**ABOUT THIS EXERCISE:** Using the listing below, retype exactly the lines starting at the one with "Osvaldo Rezende imagem" and ending at the one with "London Luxury Apt", and include both.

**EXTRACTED ENTRIES:**
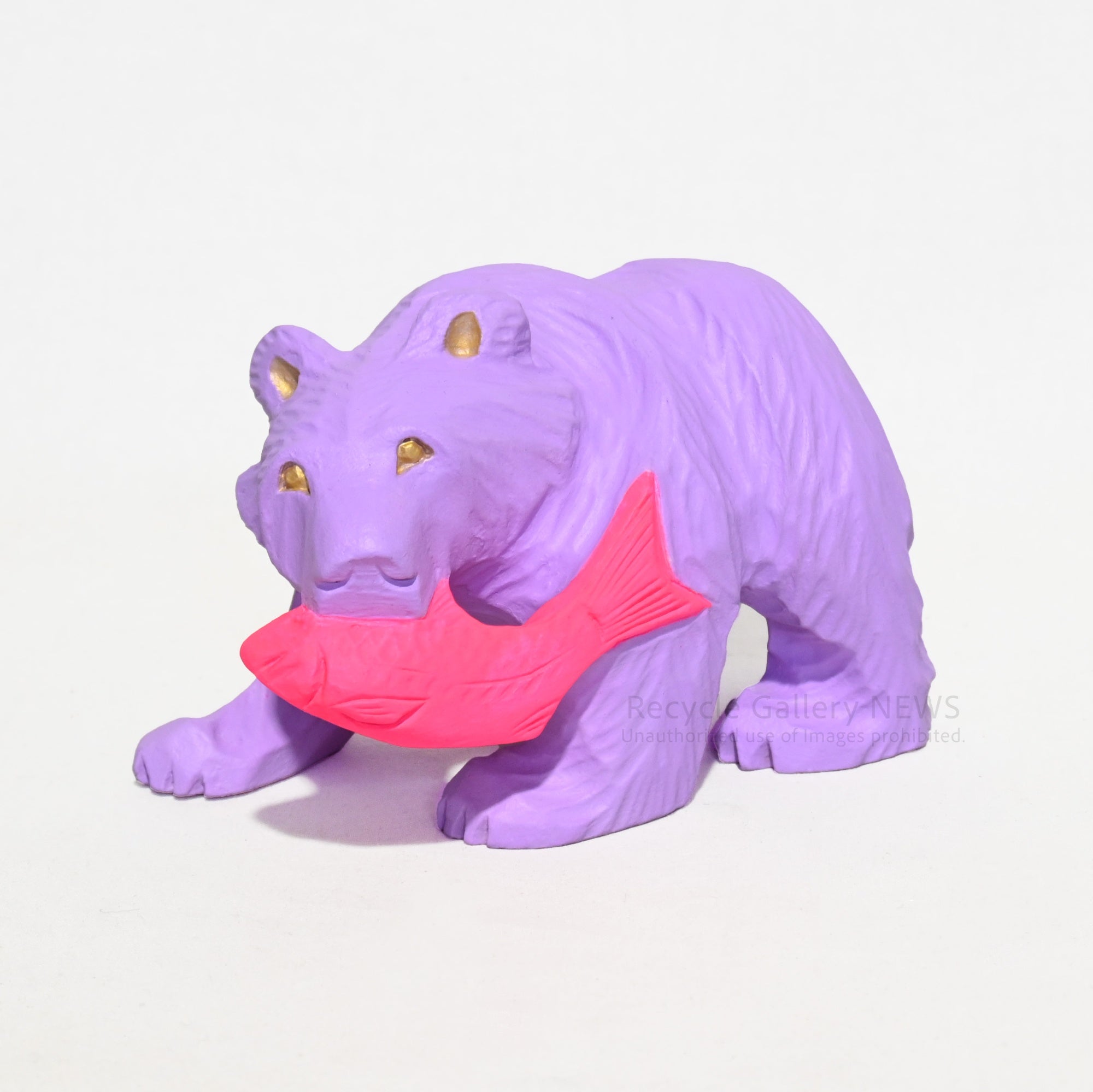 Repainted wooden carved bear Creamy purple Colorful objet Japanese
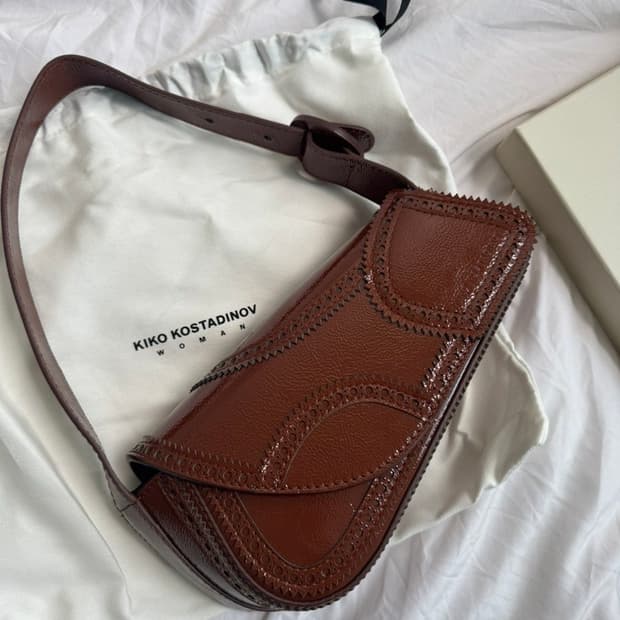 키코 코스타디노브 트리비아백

* * *

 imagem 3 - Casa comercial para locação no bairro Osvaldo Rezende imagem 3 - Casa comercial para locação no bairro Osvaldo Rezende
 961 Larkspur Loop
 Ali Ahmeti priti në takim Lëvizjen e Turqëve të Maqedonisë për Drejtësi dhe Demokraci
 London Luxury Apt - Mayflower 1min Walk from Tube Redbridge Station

**SOLVED EXERCISE:**
 imagem 3 - Casa comercial para locação no bairro Osvaldo Rezende imagem 3 - Casa comercial para locação no bairro Osvaldo Rezende
 961 Larkspur Loop
 Ali Ahmeti priti në takim Lëvizjen e Turqëve të Maqedonisë për Drejtësi dhe Demokraci
 London Luxury Apt - Mayflower 1min Walk from Tube Redbridge Station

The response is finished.